Apenas Congresso pode repassar competência
Para que uma unidade de conservação federal seja transferida para outro ente da federação é preciso que um projeto de lei com essa finalidade seja apresentado numa das casas do Congresso Nacional. Tanto na Câmara quanto no Senado, a proposta precisa ser aprovada pela maioria simples.
No caso da Câmara, são necessários os votos de 50% da maioria absoluta presente em plenário, ou seja, 257 deputados. Já no Senado, o voto de pouco mais de 40 parlamentares é suficiente para aprovar a proposta.
Com boa parte do Congresso Nacional eleita em 2022 aliada ao bolsonarismo, Mauro Mendes pode não ter muitas dificuldades em suas articulações políticas. Todavia, o apoio do governo dentro do Legislativo é fator decisivo para avançar ou travar a tramitação de propostas. O aval do Ministério do Meio Ambiente também é fator de peso para a tramitação de matérias do tipo.
“A lógica que nós temos por uma legislação ambiental nacional é para fugir das pressões dos setores econômicos dependendo do lugar. Esses setores econômicos têm muito mais facilidade para exercer pressões nos municípios, nos estados, e isso não é bom para o meio ambiente. Quando você estadualiza você enfraquece a perspectiva ambiental”, diz o deputado federal Jilmar Tatto (PT-SP), em entrevista ao ((o))eco.
“Uma proposta como essa, dentro do Congresso, a gente vai trabalhar para que não ocorra de se estadualizar.” Apesar de o novo Congresso Nacional permanecer sob influência de forças mais políticas mais conservadoras e à direita, Tatto avalia que tanto o Palácio do Planalto quanto o MMA tendem a se posicionar contrários ao pleito de Mauro Mendes, o que reduz as chances de um eventual PL da estadualização da Chapada dos Guimarães ter forças para tramitar no Congresso.
O Parque Nacional da Chapada dos Guimarães foi criado em 1989 por meio de decreto presidencial. Ele possui uma área de 32,6 mil hectares entre os municípios de Cuiabá e Chapada dos Guimarães. O Parque exerce uma importante função ecológica ao proteger as nascentes essenciais para a Amazônia, o Cerrado e o Pantanal.
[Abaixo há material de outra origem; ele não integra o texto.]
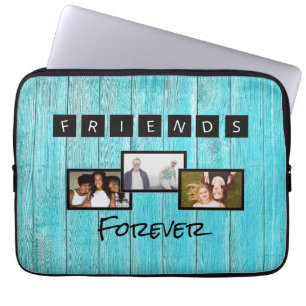 Funda Para Portátil Collage personalizado de fotos de plantillas de dí
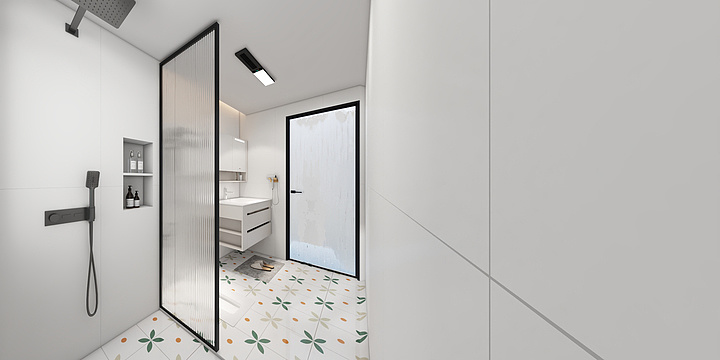 赣州华唯法恩莎-龙兴福居极少墅9栋张总卫生间全景效果图-赣州法恩莎-装修设计方案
A UC também mantém preservada a área de um dos biomas mais ameaçados do país, o Cerrado.
O que diz o governo Mauro Mendes
Procurada pela reportagem, a assessoria do governador Mauro Mendes afirmou que o interesse pela estadualização do Parque Nacional da Chapada dos Guimarães está voltado tão somente para o fortalecimento do turismo na região.
“O parque é um dos maiores atrativos turísticos de Mato Grosso, e há décadas continua precarizado, mal-cuidado e com visitação muito aquém de locais turísticos de outros estados com menor potencial”, diz nota enviada. Segundo a assessoria, os investimentos serão voltados para a prática de um turismo “ecológico e sustentável, com total respeito ao meio ambiente”.
O governo criticou a concessão feita pelo ICMBio do parque, informando que a empresa vencedora tem como proposta investir R$ 18 milhões em 30 anos, enquanto o estado tem disponível R$ 200 milhões para quatro anos. “Isso vai garantir não só os investimentos para melhorias estruturais, mas para a conservação de todo o ecossistema local.”
Sobre a PEC 12/22, o governo diz que seu objetivo é o de promover a regularização fundiária das unidades de conservação já existentes em Mato Grosso, “evitando a criação de várias unidades cuja conservação só existe no papel e nenhum efeito prático”.
“Política ambiental precisa ser feita de forma séria e concreta, e não com ações de fachada. Mato Grosso tem hoje reconhecidamente uma das melhores secretarias de Meio Ambiente, possui controle de todo o território por satélite e a melhor transparência ambiental do país.”.